Summary

For this assignment, you are to implement a "junior" version of the MIPS register file: instead of 32×32, ours will be just 8×4. You will test the register file by connecting it to the ALU designed in Assignment 3 to implement a complete 4-bit datapath.

Testbed Design

Before starting on the implementation of the datapath, it is important to decide how to test it, taking into consideration the limitations of the inputs and outputs of the DE1 kits used in the lab. The design we are aiming to implement looks like this:

Schematic of datapath for this project

In Assignment 3, we used the four seven-segment displays to monitor the two 4-bit inputs and two 4-bit outputs of the ALU. In this assignment the ALU is connected to the register file, and we can use the seven-segment displays the same way as we did in Assignment 3, and now we will be able to see what values are being read from the register file (the A and B operands to the ALU) and what value is being written to the register file (the Result from the ALU). (Note that in the diagram, the A and B sides of the ALU are switched around compared to our usual way of drawing it: in the MIPS uses “Read Register 1” for the A input, and “Read Register 2” for the B input. We don’t have to change the ALU implementation; we just have to connect the correct register file outputs to the proper inputs of the ALU.

We can continue to use the four pushbuttons (the Key inputs to supply the function code to the ALU, but the ten slide switches need to be used differently. On every clock cycle, we have to select two registers for reading and one for writing. By limiting our register file to 23 = 8 registers, we can use three sets of three bits to select the three registers.

That leaves one unused slide switch and one problem to solve. The problem is the clock input. The DE1 has three clock generators on it, which operate at speeds of 24 MHz, 27 MHz, and 50 MHz. If we use any of those clocks to drive our design, the cycle time will be so short that we will have no way to see what is happening. The solution could be to operate the clock input manually, but the slide switches are too “noisy” to do that reliably. When you move one, the contacts actually mechanically bounce back and forth for a few milliseconds before settling down into their new state, giving rise to several spurious “clock” pulses that make it difficult to figure out what is going on. We could add a circuit to “debounce” the slide switches, but it is also tedious to have to slide a switch up and down for every clock pulse, so we will use a different technique.
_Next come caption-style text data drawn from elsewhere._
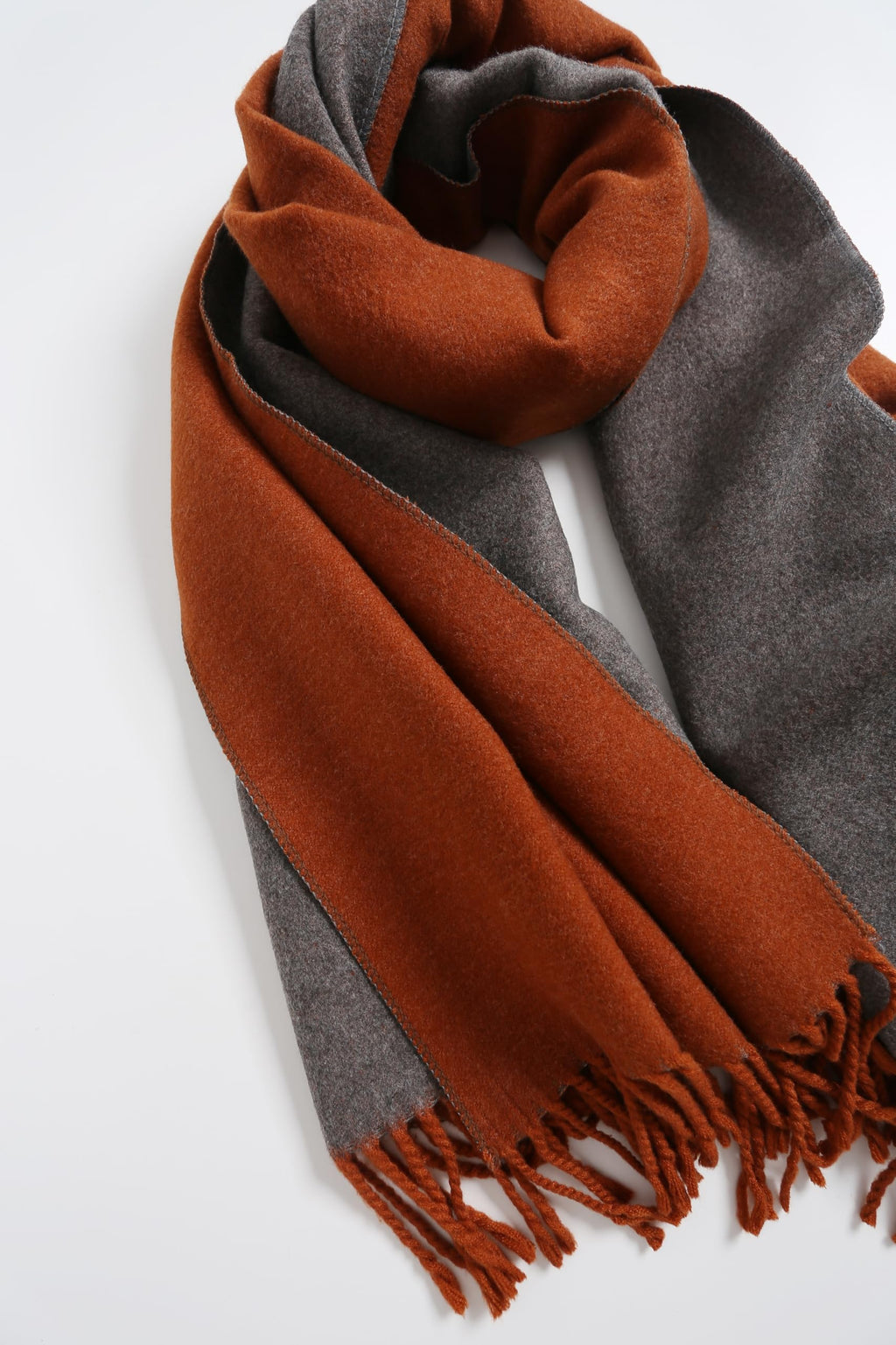 Jeelow reversible two-tone winter scarf in Mandarin Grey, 100% acrylic, 31 x 70.5 in., photo 4
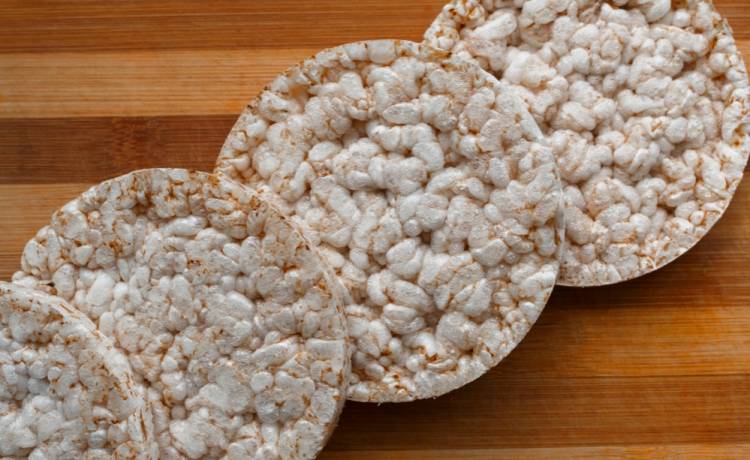 Fragmenty metalu w popularnych waflach kukurydzianych! GIS ostrzega!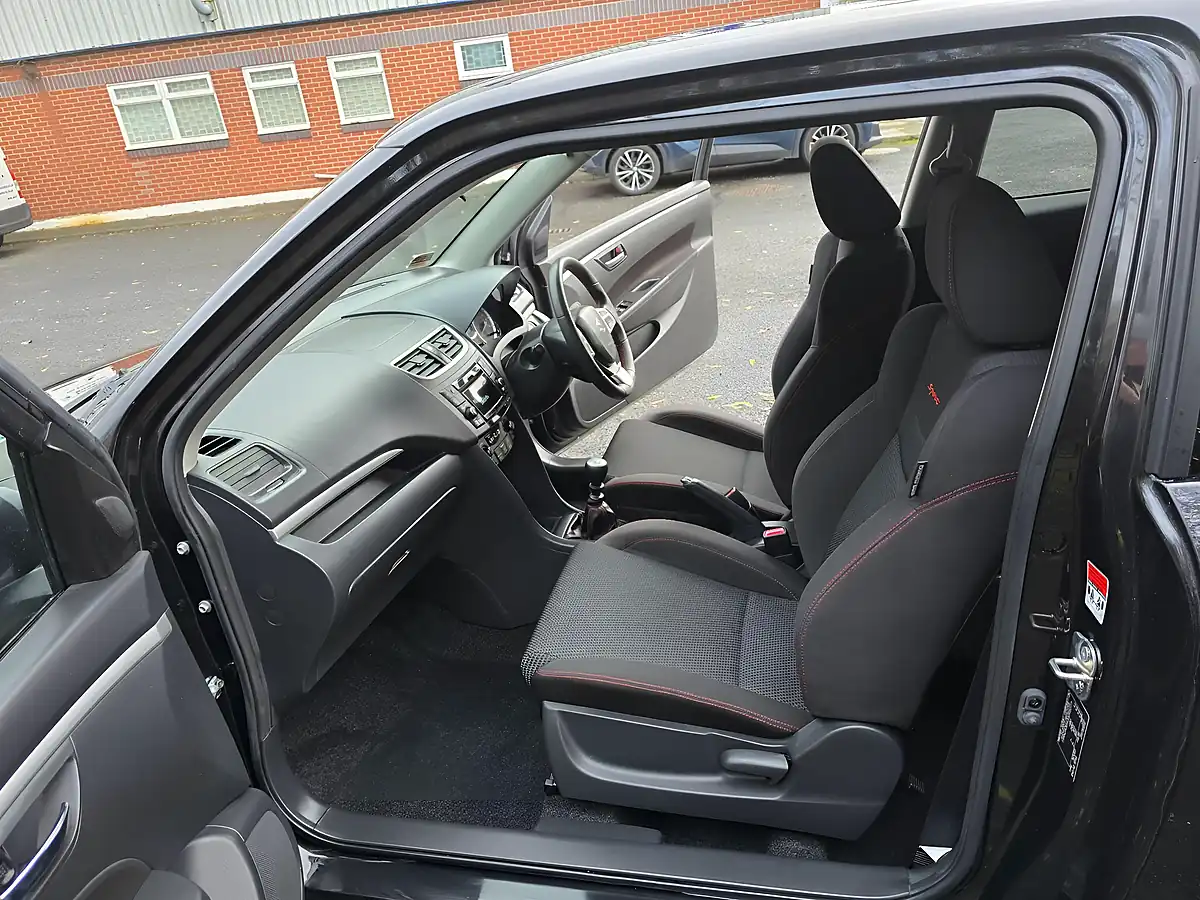 Used 2012 Suzuki Swift Sport Black - Interior and Exterior details 15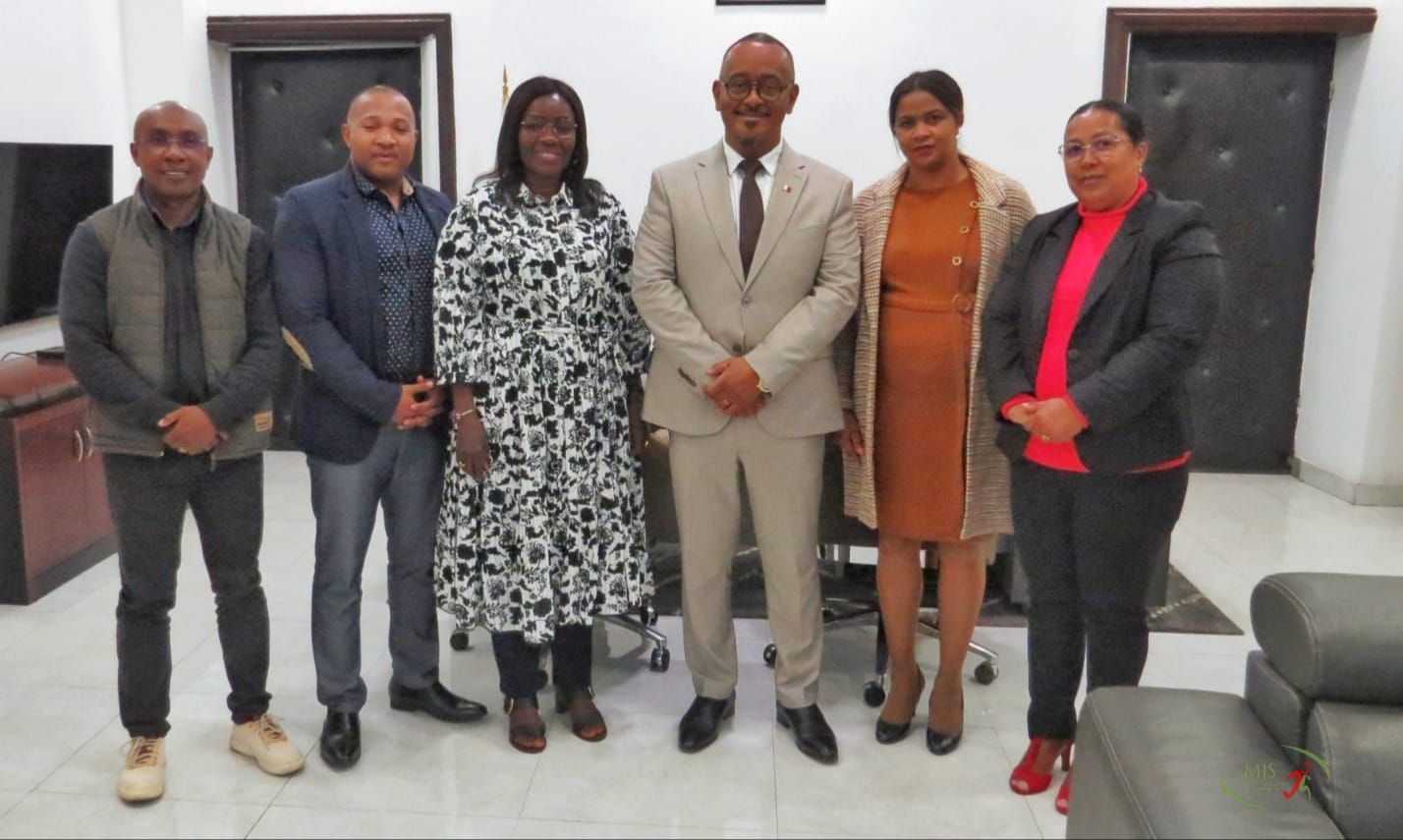 FOOTBALL: FITSIDIHANA TAMIN&rsquo;NY FOMBA OFISIALY NATAON’NY TOMPON&rsquo;ANDRAIKITRA MISAHANA NY BAOLINA KITRA AN-TSEKOLY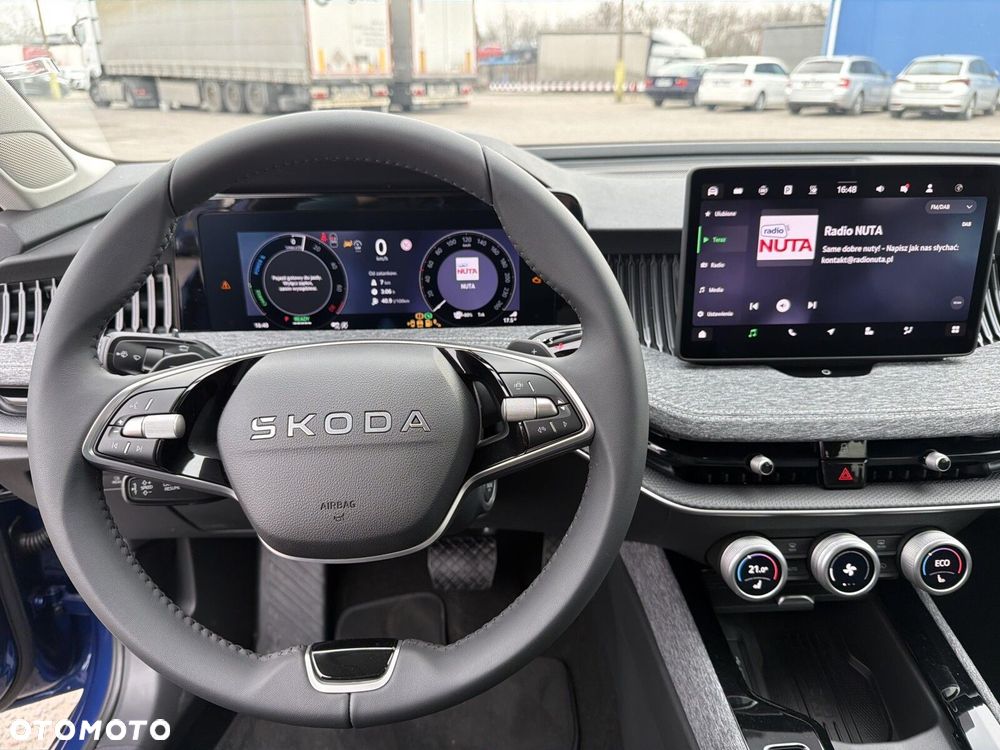 Skoda Superb 1.5 TSI Plug-in Hybrid Drive DSG - 14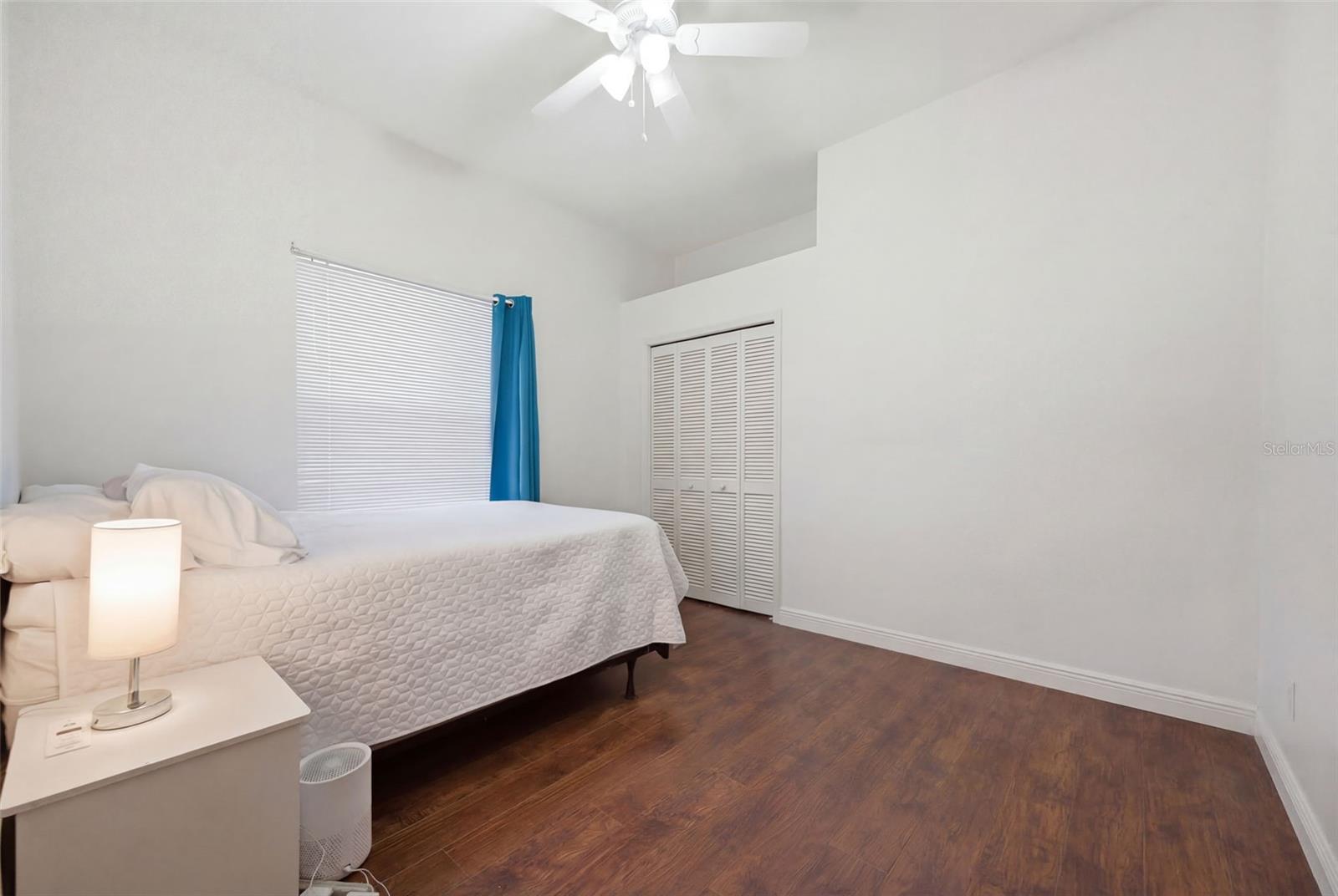 Listing photo id 35 for 18302 Saint James Court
I am supplying a Verilog program called clock_module.v that you will insert into your project. It consists of four counters that emit a logic 1 signal for one clock period each time the counter wraps around. The four counters have limits of 10, 50, 100, and 250 million. So if you use the DE1 50 MHz clock as the input, the 10M counter emits pulses at a rate of 5Hz, the 50M counter at 1Hz, the 100M counter emits one pulse every 2 seconds, and the 250M counter emits one pulse every 5 sec. We can use the tenth slide switch to choose between any two of the four available rates for running the datapath.

Development Steps

There are three modules to build for this assignment: the testbed, the register file, and a register to use multiple times in the register file. We have been working from the top down in the past, and will do the same thing for this assignment. But note that it would be perfectly reasonable to start with the register, then build the register file, and then the testbed. Unfortunately, whichever way we proceed we can’t be sure what we have done is correct until we have built the entire project. The alternatives would be either to simulate parts of the design as they are built or to build a separate testbed for each module before putting them all together. The simulation approach is outside the scope of this course, and the separate-testbed approach is too time consuming, provided we can figure out how to debug the fully integrated design.

  1. Set up the project.

    Create a directory named Assignment_04 for the project. You will be using some of your modules from Assignment 3, so you need to copy them into this directory. If your Assignment 3 did not work, you can get the files you need from Assignment_04_Files.

    Note 1: Copy only the .bdf and .v files hex2sevenseg.v, MIPS_ALU.bdf, ALU_Slice.bdf, and Full_Adder.bdf into the Assignment_04 project directory. Then re-create the symbol files for them after you get the project set up. And do not try to copy the mega-wizard files for the multiplexer(s); it is easier to add them to the new project using the Symbol Tool than to deal with Quartus’ confusion when you try to add more megafunctions to the new project.

    Note 2: It would seem more efficient simply to add the Assignment 3 files to the Assignment 4 project without copying them, and in principle it is. The problem is that Quartus puts absolute pathnames (starting with “C:\”) into the project settings, and it then becomes impossible for me to build the project on a different computer. So don’t do that.

    Download clock_module.v into the project directory too, if you haven’t already done so, and go through the New Project wizard to set the project up. When the wizard asks, you should add all the files already in the project directory to the project.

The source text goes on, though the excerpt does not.